11. Arena, Piotr Bernaś
Marcin Różalski in the film Arena, dir. Piotr Bernaś, photo: Studio Munka.
What are the reasons for a man’s quest for self-destruction? What motivates a man to choose a life of eternal struggle, mutilating his body and risking his health? Arena is a film about contemporary games, arenas and gladiators. The documentary by Peter Bernaś offers a nonverbal impression of Marcin Różalski, a Polish MMA competitor. It is a story of pain, sacrifice and solitude from which there is no escape.
12. The Photograph / Zdjęcie, Maciej Adamek
At 17, Adam finds an old photograph of his mother with a strange man. Intrigued by his discovery, he embarks on a quest to find the truth of his paternity. Maciej Adamek’s screenplay for The Photograph received first prize in the 2006 Hartley-Merrill competition, and in 2012 the film was awarded the Silver Zenit in Montreal at the 36th International Film Festival.
13. Kamchatka / Kamczatka, Jerzy Kowynia
Stach is serving out a prison sentence of several years. When his mother commits suicide, he receives a pass to attend her funeral. At home he meets with his long-unseen father, his sister Marta, and her boyfriend. Over a long conversation, family secrets are revealed.
Jerzy Kowynia was honored at the 32nd Youth and Film Festival in Koszalin, where the jury also lauded the excellent performances of Tomasz Sobczak and Edyta Torhan.
14. The Mother / Matka, Łukasz Ostalski
Danuta Stenka i Rafał Fudalej in the film The Mother, dir. Łukasz Ostalski, photo: Młodzi i Film.
Małgorzata, an important politician, is headed to her lake house. Her son – a drug addict – needs help. Małgorzata asks her daughter for support. Upon arrival, they discover him semi-conscious, and the mutilated body of a young girl. In the face of tragedy, their relationships become further complicated as repressed traumas are revealed. In the end, Małgorzata must make the hardest decision of her life. This debut by Łukasz Ostalski features Danuta Stenka in the lead role and received the Audience Award at the 43rd International Film Festival in Tampere, Finland.
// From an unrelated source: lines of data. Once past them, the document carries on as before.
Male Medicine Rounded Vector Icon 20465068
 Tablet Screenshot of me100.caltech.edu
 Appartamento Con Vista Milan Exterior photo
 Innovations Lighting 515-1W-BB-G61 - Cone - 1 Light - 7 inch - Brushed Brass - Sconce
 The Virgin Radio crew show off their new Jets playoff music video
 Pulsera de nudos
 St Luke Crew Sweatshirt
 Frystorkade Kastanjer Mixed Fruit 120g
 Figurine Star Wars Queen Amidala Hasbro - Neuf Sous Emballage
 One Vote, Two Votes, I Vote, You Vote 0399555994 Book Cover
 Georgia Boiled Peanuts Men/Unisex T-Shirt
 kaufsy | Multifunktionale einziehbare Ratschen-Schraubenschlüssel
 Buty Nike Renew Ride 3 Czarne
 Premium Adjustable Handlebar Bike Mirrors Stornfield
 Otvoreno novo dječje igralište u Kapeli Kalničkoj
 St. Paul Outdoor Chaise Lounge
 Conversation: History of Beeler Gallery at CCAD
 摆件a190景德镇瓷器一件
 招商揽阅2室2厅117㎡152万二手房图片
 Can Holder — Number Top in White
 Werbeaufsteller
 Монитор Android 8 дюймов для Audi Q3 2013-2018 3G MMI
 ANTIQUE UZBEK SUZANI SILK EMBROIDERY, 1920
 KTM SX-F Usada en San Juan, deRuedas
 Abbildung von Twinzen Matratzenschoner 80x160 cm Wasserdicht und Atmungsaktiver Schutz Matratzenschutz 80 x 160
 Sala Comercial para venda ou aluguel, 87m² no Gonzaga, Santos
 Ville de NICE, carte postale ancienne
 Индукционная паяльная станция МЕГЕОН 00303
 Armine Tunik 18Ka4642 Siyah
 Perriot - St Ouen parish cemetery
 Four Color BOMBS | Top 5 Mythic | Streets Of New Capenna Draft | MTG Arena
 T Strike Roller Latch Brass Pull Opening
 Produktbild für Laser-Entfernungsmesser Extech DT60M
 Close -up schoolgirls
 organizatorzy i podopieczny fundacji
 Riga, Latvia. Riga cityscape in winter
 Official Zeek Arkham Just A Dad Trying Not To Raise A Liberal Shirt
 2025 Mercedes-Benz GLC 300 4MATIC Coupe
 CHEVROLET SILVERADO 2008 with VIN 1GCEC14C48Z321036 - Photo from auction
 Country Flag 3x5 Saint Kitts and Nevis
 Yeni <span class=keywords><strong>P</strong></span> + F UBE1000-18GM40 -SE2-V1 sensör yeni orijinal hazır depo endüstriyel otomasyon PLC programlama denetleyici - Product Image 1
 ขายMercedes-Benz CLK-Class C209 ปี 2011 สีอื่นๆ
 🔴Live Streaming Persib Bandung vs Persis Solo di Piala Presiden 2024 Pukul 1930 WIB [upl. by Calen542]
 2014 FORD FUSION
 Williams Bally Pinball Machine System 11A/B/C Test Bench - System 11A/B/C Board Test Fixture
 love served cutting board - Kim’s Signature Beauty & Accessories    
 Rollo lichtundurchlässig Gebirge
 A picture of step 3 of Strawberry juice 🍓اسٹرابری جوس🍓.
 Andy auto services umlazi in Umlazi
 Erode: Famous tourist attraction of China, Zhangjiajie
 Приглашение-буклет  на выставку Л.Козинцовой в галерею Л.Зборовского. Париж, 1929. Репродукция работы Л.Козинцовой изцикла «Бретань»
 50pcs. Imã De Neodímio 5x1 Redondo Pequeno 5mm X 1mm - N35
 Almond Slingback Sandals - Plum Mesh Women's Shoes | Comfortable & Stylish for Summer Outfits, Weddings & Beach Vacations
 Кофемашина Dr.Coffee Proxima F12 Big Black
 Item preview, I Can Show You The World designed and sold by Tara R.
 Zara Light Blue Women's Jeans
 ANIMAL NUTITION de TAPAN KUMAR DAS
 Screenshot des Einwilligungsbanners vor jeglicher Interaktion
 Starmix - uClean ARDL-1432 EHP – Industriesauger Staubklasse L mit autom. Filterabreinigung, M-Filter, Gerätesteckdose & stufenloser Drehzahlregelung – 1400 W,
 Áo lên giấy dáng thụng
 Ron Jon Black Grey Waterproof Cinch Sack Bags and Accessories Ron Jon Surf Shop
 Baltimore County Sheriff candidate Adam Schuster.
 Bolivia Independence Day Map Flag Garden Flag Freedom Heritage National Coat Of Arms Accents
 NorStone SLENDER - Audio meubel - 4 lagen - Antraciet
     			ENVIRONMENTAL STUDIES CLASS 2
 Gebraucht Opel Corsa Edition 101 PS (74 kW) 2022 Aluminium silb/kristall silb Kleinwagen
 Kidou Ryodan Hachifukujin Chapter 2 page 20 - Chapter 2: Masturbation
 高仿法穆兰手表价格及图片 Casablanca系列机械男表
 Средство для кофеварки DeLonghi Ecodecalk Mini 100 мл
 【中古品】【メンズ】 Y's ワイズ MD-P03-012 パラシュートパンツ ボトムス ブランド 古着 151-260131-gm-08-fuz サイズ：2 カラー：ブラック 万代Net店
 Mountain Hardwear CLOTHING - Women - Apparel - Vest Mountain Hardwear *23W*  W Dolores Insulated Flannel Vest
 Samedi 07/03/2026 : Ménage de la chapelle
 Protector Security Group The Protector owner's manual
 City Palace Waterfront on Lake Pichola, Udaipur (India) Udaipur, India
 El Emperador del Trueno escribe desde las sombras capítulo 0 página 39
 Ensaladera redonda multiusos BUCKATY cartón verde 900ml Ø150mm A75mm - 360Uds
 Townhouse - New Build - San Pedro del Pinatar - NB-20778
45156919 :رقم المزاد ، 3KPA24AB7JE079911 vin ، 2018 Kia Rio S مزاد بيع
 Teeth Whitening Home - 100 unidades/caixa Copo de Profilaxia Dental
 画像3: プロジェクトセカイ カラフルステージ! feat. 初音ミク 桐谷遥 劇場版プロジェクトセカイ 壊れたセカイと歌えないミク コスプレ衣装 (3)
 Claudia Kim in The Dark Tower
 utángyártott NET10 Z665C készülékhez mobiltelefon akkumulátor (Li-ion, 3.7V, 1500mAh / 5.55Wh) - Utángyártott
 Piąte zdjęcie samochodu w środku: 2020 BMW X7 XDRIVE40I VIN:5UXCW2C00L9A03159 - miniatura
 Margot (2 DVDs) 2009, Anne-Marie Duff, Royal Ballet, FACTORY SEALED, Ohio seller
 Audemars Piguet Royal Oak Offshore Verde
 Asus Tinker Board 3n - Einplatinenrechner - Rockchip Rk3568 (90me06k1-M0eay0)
15. Olena, Elżbieta Benkowska
Olena and Dima are traveling from Ukraine through Poland, en route to Sweden. On their journey, they are robbed and in the struggle a passport flies out the window. The young travelers have to find it before they can depart on the ferry to Sweden. As they search, the real reason for their trip comes to light. This debut film by Elżbieta Benkowska represented iPoland in Cannes at the short competition of the 66th International Film Festival.